あれから私達は、土壇場で決めた予定の通りレストランで昼食をとって、街中を少しふらふらして、足が疲れ始めてきたところでホテルに向かった。フロントでチェックインをして部屋に入って、一気にリラックスモードに入る。

晩ご飯と朝ご飯のバイキングも文句なしに美味しかったし、温泉も気持ち良かった。部屋の中ではそこまで口数はなくともゆったりとした空間を過ごせたし、これならこの先も楽に過ごしていけそうだと思った。

そんな感じで迎えた、翌日。



「───亜梨沙さんっ!!」



1番最初に飛びついて来たのは、意外なことに金ちゃんではなく光君だった。人目を気にせずに叫んで来て頭ごと抱えるものだから、周りの人は勿論目が点だ。なんだろうこのドラマみたいな光景、と私は心の中で苦笑して、でも光君は離れる気配がないからあやすように背中を叩く。すると、次は私の背中に衝撃が走った。



「亜梨沙やーっ!!」

「あはは…」

「姉ちゃん潰れそうだぞ」

「財前!金ちゃん!亜梨沙さん苦しそうやっちゅーに!」



衝撃の正体は金ちゃんで、この様子を見て正人は呆れ、走ってきた蔵君は焦って私から2人を引き離す。そうして他の皆も続けてぞろぞろとやってきて、あっという間にその場は賑やかになった。蔵君に着いたよ、ってメールしてから5分も経ってないよね…?そんな急がなくてもよかったのになぁ。

とは言っても駆けつけてくれたことが嬉しいのは事実だ。私はいつもよりなんとなく不安そうな顔をしている何人かに笑顔を向けて、試合をするコートに行く為足を進める。皆は去年の全国大会でベスト4までいったから、今年はシード扱いで1回戦はなく2回戦から試合があるらしい。
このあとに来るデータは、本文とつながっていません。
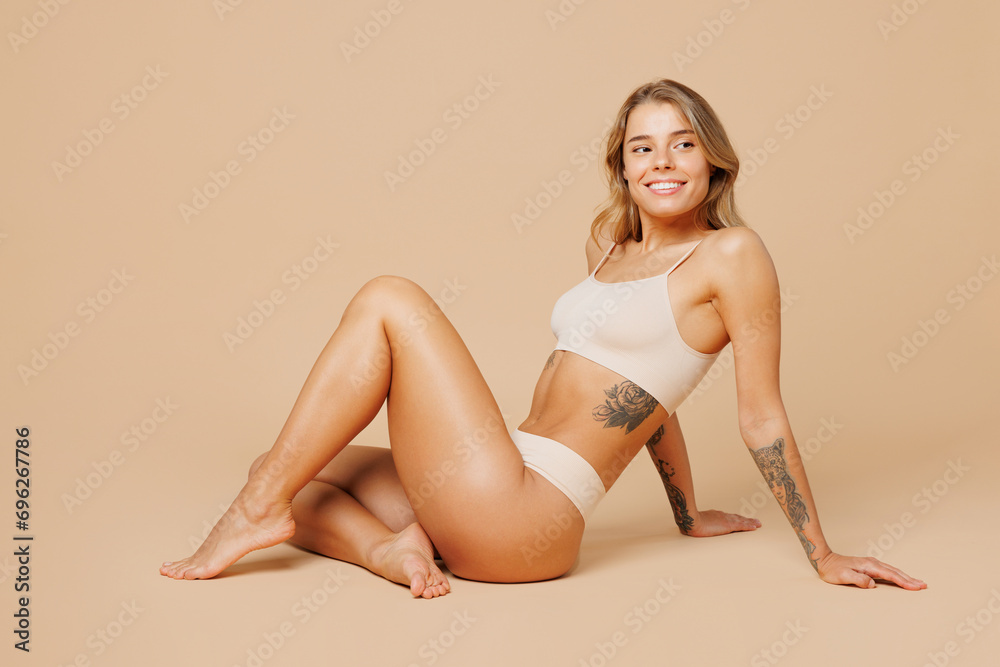 Full body side view happy fun young nice lady woman with slim body perfect skin wear nude top bra lingerie sitting looking aside isolated on plain pastel beige background. Lifestyle diet fit concept. - obrazy, fototapety, plakaty 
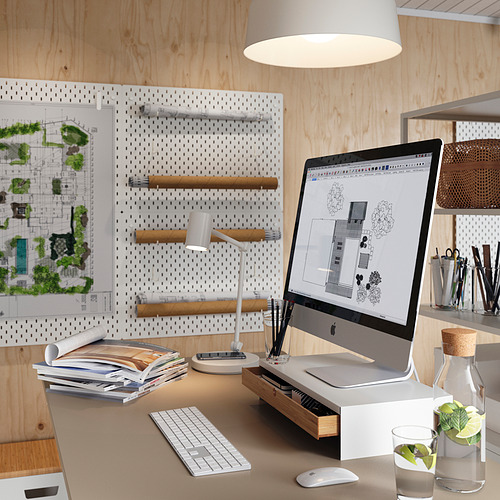 Escritorio de oficina en casa con imac, teclado, ratón, lámpara y libros. Tablero perforado con planos y arte. Decoración blanca y de madera.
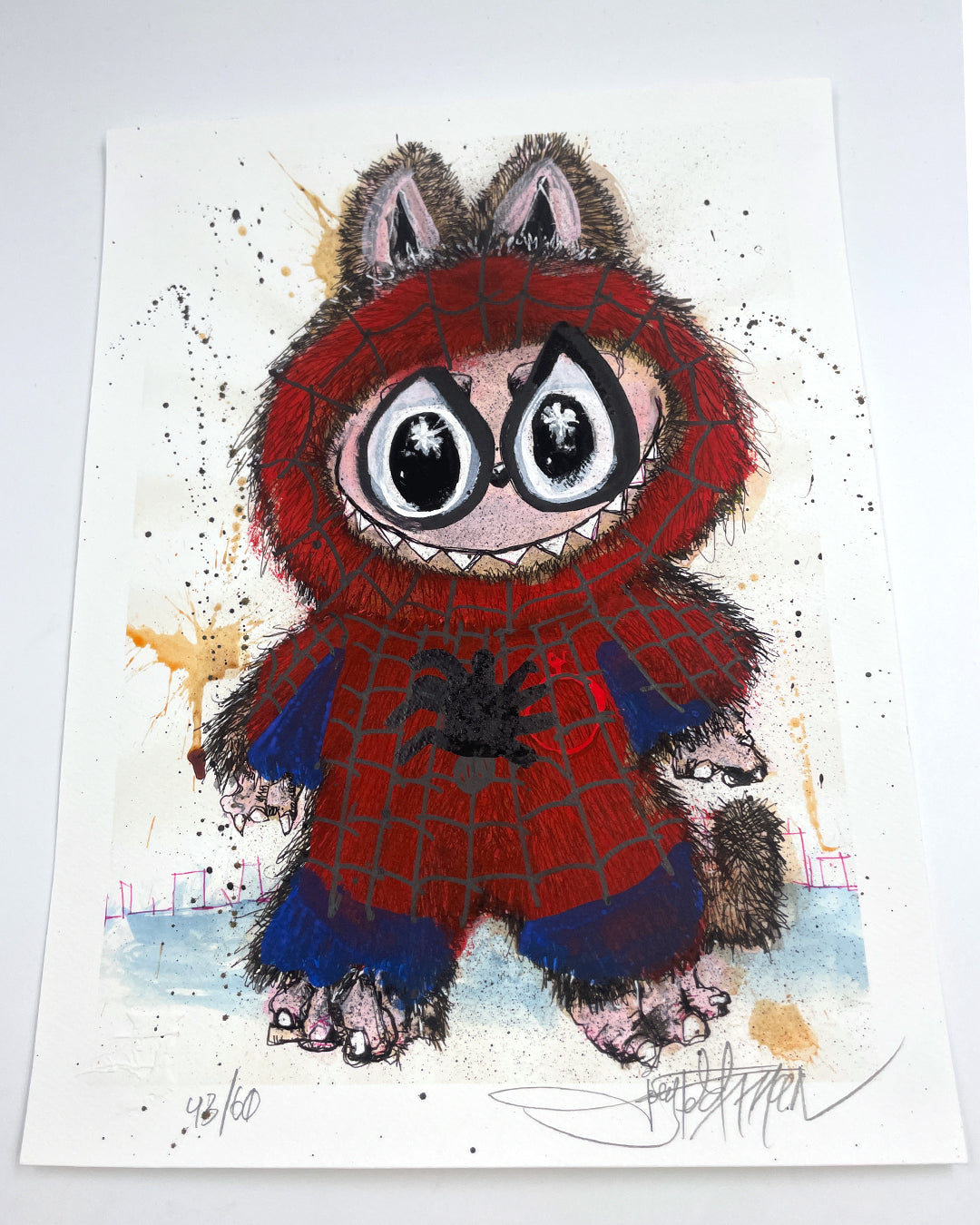 This archival pigment print by Joey Feldman depicts a wide-eyed furry creature in a Spider-Man suit, with big ears and paws. Featuring splashes of paint and hand-painted touches, its signed and numbered 43/60 at the bottom.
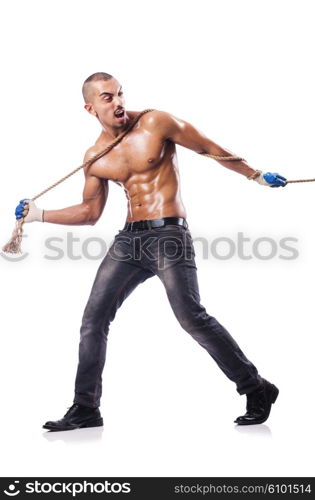 Muscular man pulling the rope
それが今日、この後にある。



「1試合目は誰が出るの?」

「俺っすわ。絶対見とってください」

「もちろんだよー」



私の質問に即座に答えてくれたのは光君だ。いつもは他の皆とは違って冷静だけど、テニスではどんな試合をするんだろうなぁ、と少しワクワクする。



「亜梨沙さん」

「ん?」

「全国大会終わったら、どっか遊びにでもいきましょ」

「…うん、そうだね」



その時ふいに蔵君が言ってきた言葉に、私はつい一瞬言葉に詰まってしまった。それは客観的に聞くとなんの変哲もないただの遊びの誘いだけど、きっと蔵君は私の心情を知っている上でそう言ってくれてる。どれだけ気さくに見えても、本当はちゃんと考えてくれてる。その気遣いの上手さには年上ながら頭が上がらない。だから、そんな私が今出来ることといえば、とにかく皆を精一杯応援することに尽きると思う。たくさん心配かけさせちゃったけど、皆が今まで頑張ってやってきたものだもん。そりゃあ見守ってたい。



「あ、ちゅーか自分正人やったっけ?」

「おう」

「俺忍足謙也!よろしゅうな!」



そう物思いに耽っていると、横では謙也君が嬉々とした様子で正人に話しかけ始めた。そして、それに続くように他の人達も改めて正人と挨拶を交わす。正人と皆は同年代なんだから打ち解けるのが早いのは別になんもおかしくないんだけど、でもこうしてみるとなんとなーく違和感だ。自分の身内が自分の友達と仲良くなるのってなんか…ソワソワする。



「…変なの」



勿論、決してマイナスな感情では無いのだけれど。

大阪に到着してからは、正人には見せていないけど、実際は色んなことに対しての不安で胸の中はいっぱいだった。それが皆に会った途端嘘のように薄れて行って、お父さんのことが全く気にならないとまではいかなくとも、それまで感じていたような押し潰されそうな感覚は今はなくて。そこまで考えて、自分が安心してるんだということにようやく気付いた。



「女の子はデリケートですもんねっ!」

「…小春君?」

「でも、せめてアタシ達の前ではそんな風に肩の力抜いて下さいな」



後ろから軽く飛びついて来てそう言った小春君は、まるで本当の女友達みたいだ。優しい笑顔にまた心が軽くなる。この人達と一緒なら大丈夫、とあの時確信したのは、やっぱり間違いじゃなかった。